Because in the same notice of allegations against Beaty and Jayhawk football, Kansas basketball and Bill Self are currently facing multiple Level I violations - that’s the most serious level! - tied in large part to the ongoing federal case against several Adidas executives.
Essentially, they’re offering up their discovered violation by Beaty’s staff to the NCAA as an example of good citizenship, while likely arguing against every single accusation related to their basketball program’s involvement in the Adidas scandal.
To be clear: Kansas is vehemently disputing allegations of lack of institutional control against their athletic department as a whole … by pointing to the fact they submitted Love’s illicit quarterback meetings to the NCAA.
“Regarding the self-reported football violations, the University’s monitoring systems worked to identify the issues, and KU self-reported violations to the NCAA related to the conduct of two members of the previous coaching staff. Those involved in the football violations are no longer associated with the University.”

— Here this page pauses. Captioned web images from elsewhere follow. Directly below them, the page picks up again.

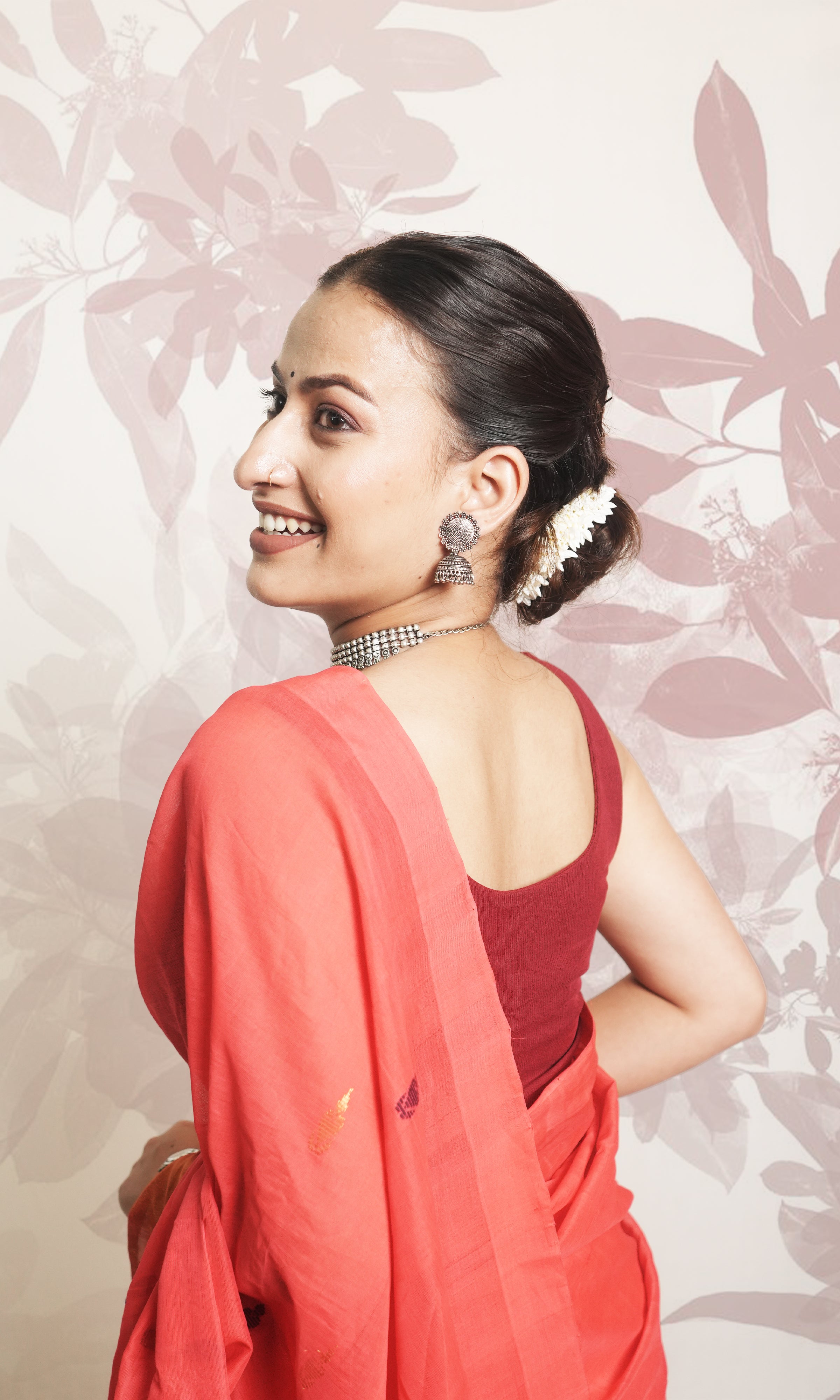 Vermillion Orange Zari Border Godavari Saree With Blouse Piece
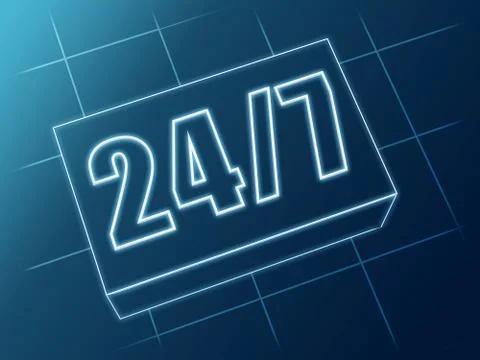 24 and 7 Stock Illustration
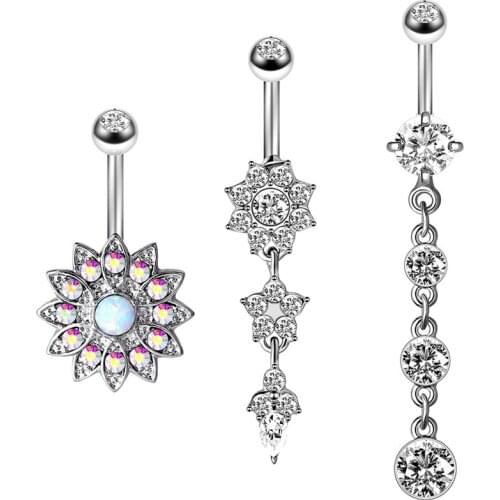 Personalized Creative Piercing Stainless Steel Rose Gold Navel Ring 3-Piece Suit Body Piercing Jewelry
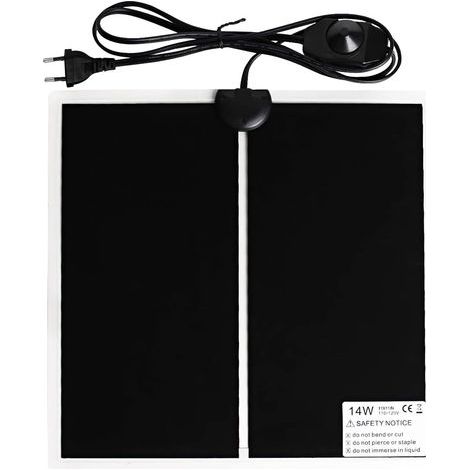 Tapis Chauffant pour Terrarium, 28 X 28CM Tapis Chauffant, Tapis Chauffant Terrarium, Tapis Chauffant pour Reptile, température réglable (0-35 degrés) Fiche européenne (14W, 220V-240V) (1/5)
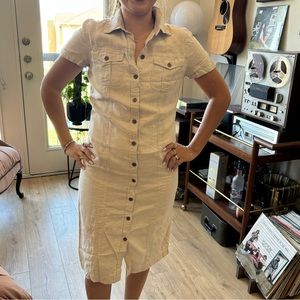 Charter Club Tan linen button dress size 8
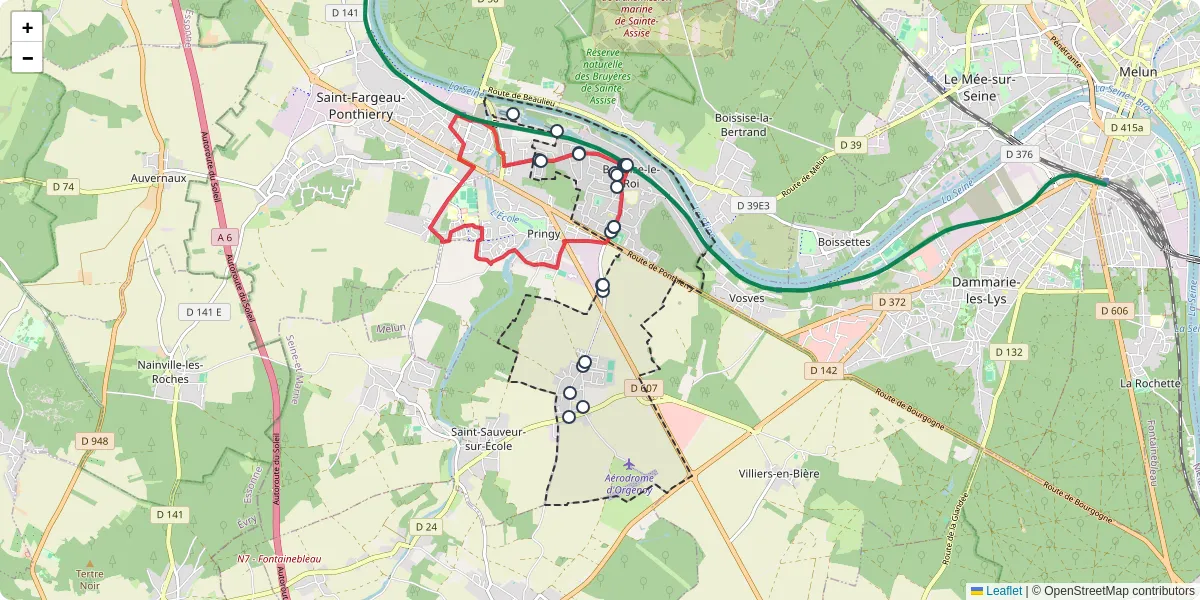 Carte du réseau de transport en commun à Boissise-le-Roi - lignes de bus et arrêts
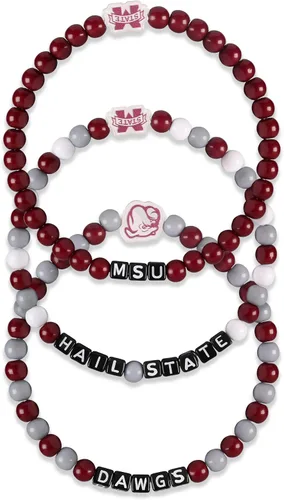 Miniatura 33 de FOCO NCAA unisex-adulto Paquete de 3 Pulseras de la Amistad con Cuentas con Logotipo de Equipo Universitario de la NCAA Oficialmente Licenciadas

Don’t you see, NCAA? All of those allegations against the basketball program can’t hold water, because the same internal dragnet KU put on its football program for totally above-board, normal and even noble reasons would’ve caught all that (allegedly) wanton, brazen Adidas tomfoolery.
Wins and losses don’t really matter. It stands that if a federal court can’t get Beaty his $3 million for winning just six games, a lot of more successful head coaches have a major reason to worry. Too bad he didn’t coach basketball.